Valid children of a node are defined via the children directive, a name and the corresponding “production rule”. The production rule allows to specify sequences (using a space), alternatives (using a pipe “|”) and “interleaving” (using the ampersand “&”). The mentioned elements can be quantified using the standard * (0 to unlimited), + (1 to unlimited) and ? (0 or 1) multiplicity operators.

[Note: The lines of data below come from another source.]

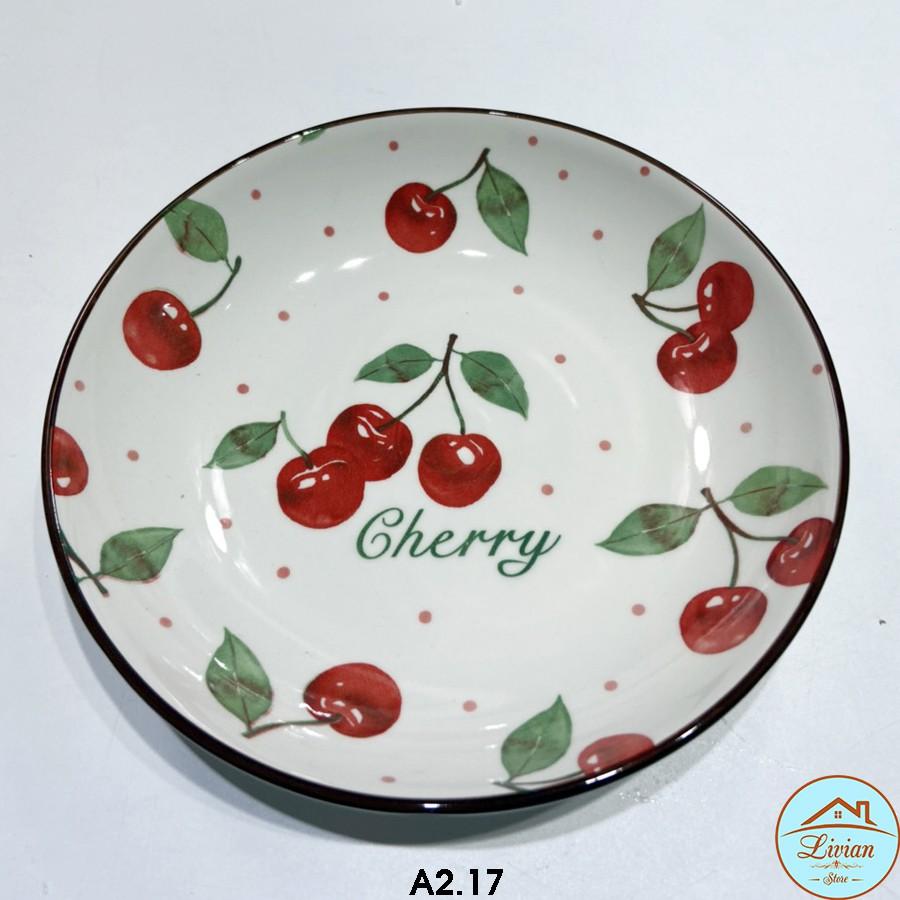 Đĩa sứ tròn sâu lòng 20.5cm nhiều họa tiết hoa quả dễ thương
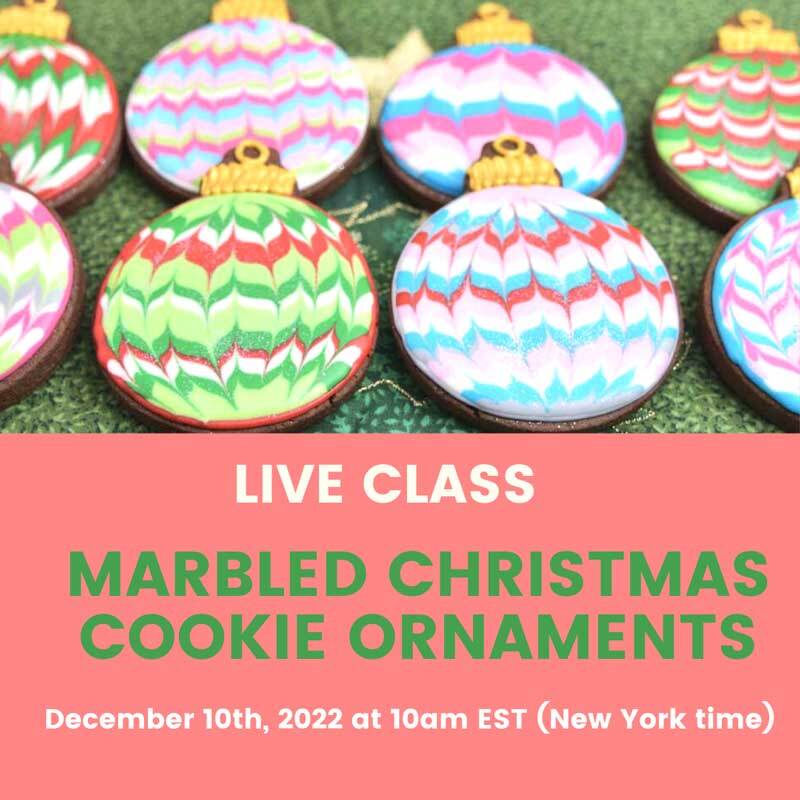 Marbled Christmas Cookie Ornaments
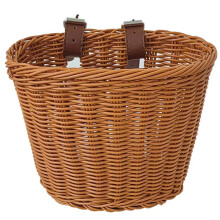 Natural Willow Front Bike Basket for Handmade Wicker Storage Container with Large Capacity for Outdoor Cycling
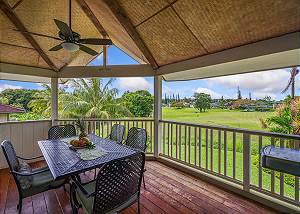 Upstairs lanai where you can grill and enjoy outdoor dining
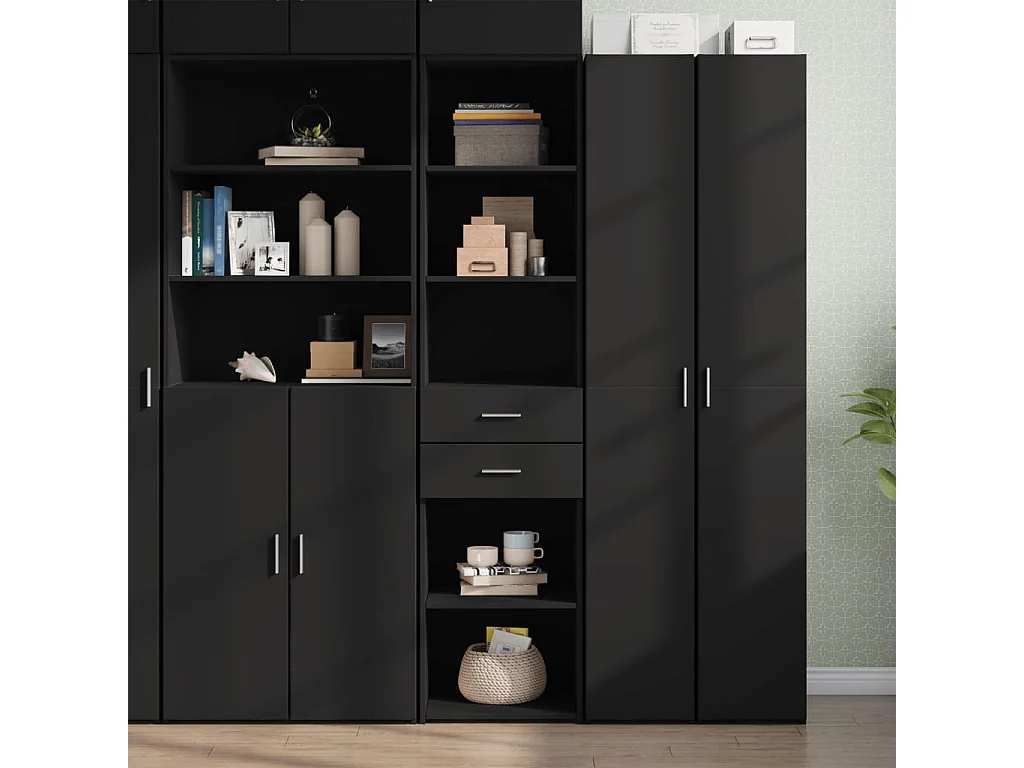 Buffet | Bahut | Meuble de rangement haut noir 45x42,5x185 cm bois d'ingénierie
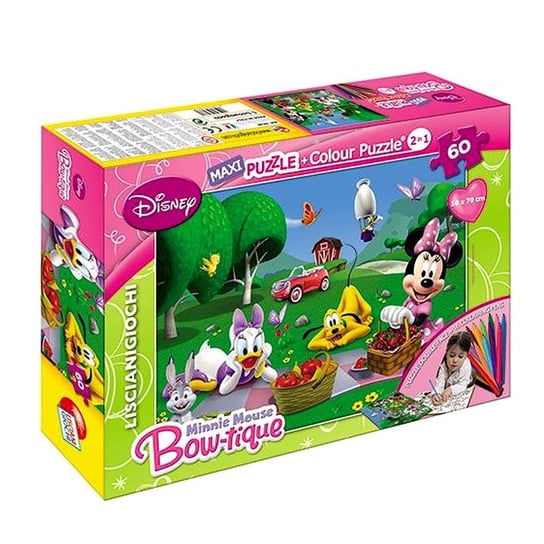 Liscianigiochi Maxi Puzzle dwustronne 39760 - Myszki Minnie, 60el. Disney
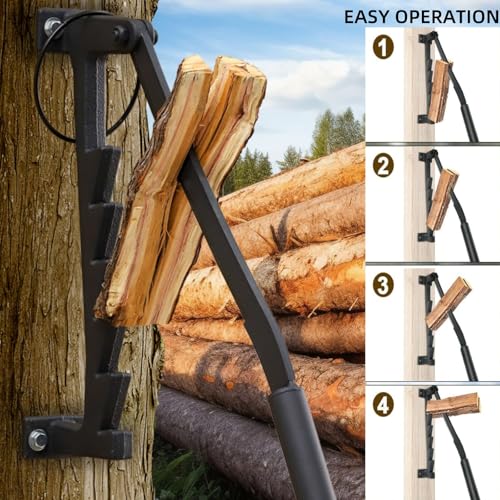 Yinnhom Log Splitter Wall Mounted, Manual Wood with Screws Log Splitter, Portable Firewood Splitter, Efficient Wood Kindling Splitter Firewood Cutter, Splitting Kindling Tool for Home & Outdoor Use - Image 4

This example technically defines two sequences “elements” and “attributes” that allow zero or more occurences of the respective entity:

grammar "ex4" {
  node "element" {
    prop "name" { string }
    children "elements" ::= element*
    children "attributes" ::= attribute*
  }
  node "attribute" {
    prop "name" { string }
    prop "value" { string }
  }
}

Property Restrictions

Children Restrictions

Example Grammar: XML

grammar "dxml" {
  node "element" {
    prop "name" { string }
    children "attributes" ::= attribute*
    children "elements" ::= element* & text* & interpolate* & if*
  }
  node "attribute" {
    prop "name" { string }
    children "value" ::= text* & interpolate*
  }
  node "text" {
    prop "value" { string }
  }
  node "interpolate" {
    children "expr" ::= expr
  }
  node "if" {
    children "condition" ::= expr
    children "body" ::= element* & text* & interpolate* & if*
  }
  typedef "expr" {
    "exprVar"
    "exprConst"
    "exprBinary"
  }
  node "exprVar" {
    prop "name" { string }
  }
  node "exprConst" {
    prop "name" { string }
  }
  node "exprBinary" {
    children "lhs" ::= expr
    children "operator" ::= binaryOperator
    children "rhs" ::= expr
  }
  node "binaryOperator" {
    prop "operator" { string }
  }
}

Example Grammar: SQL

grammar "sql" {
  typedef "expression" {
    "columnName"
    "binaryExpression"
    "constant"
    "parameter"
    "functionCall"
  }
  node "columnName" {
    prop "columnName" { string }
    prop "refTableName" { string }
  }
  node "constant" {
    prop "value" { string }
  }
  node "parameter" {
    prop "name" { string }
  }
  node "functionCall" {
    prop "name" { string }
    children "arguments" ::= expression*
  }
  node "starOperator" {
  }
  node "relationalOperator" {
    prop "operator" { string { enum "<" "<=" "=" ">=" ">" "LIKE" "NOT LIKE" } }
  }
  node "binaryExpression" {
    children "lhs" ::= expression
    children "operator" ::= relationalOperator
    children "rhs" ::= expression
  }
  node "select" {
    prop? "distinct" { boolean }
    children "columns" ::= expression* & starOperator?
  }
  node "delete" {
  }
  node "tableIntroduction" {
    prop "name" { string }
    prop? "alias" { string }
  }
  node "crossJoin" {
    children "table" ::= tableIntroduction
  }
  node "innerJoinOn" {
    children "table" ::= tableIntroduction
    children "on" ::= expression
  }
  node "innerJoinUsing" {
    children "table" ::= tableIntroduction
    children "using" ::= expression
  }
  typedef "join" {
    "crossJoin"
    "innerJoinUsing"
    "innerJoinOn"
  }
  node "from" {
    children "tables" ::= tableIntroduction+
    children "joins" ::= join*
  }
  node "whereAdditional" {
    prop "operator" { string }
    children "expression" ::= expression
  }
  node "where" {
    children "expressions" ::= expression whereAdditional*
  }
  node "groupBy" {
    children "expressions" ::= expression*
  }
  node "orderBy" {
    children "expressions" ::= expression*
  }
  node "querySelect" {
    children "select" ::= select
    children "from" ::= from
    children "where" ::= where?
    children "groupBy" ::= groupBy?
    children "orderBy" ::= orderBy?
  }
  node "queryDelete" {
    children "delete" ::= delete
    children "from" ::= from
    children "where" ::= where?
  }
  typedef "query" {
    "querySelect"
    "queryDelete"
  }
}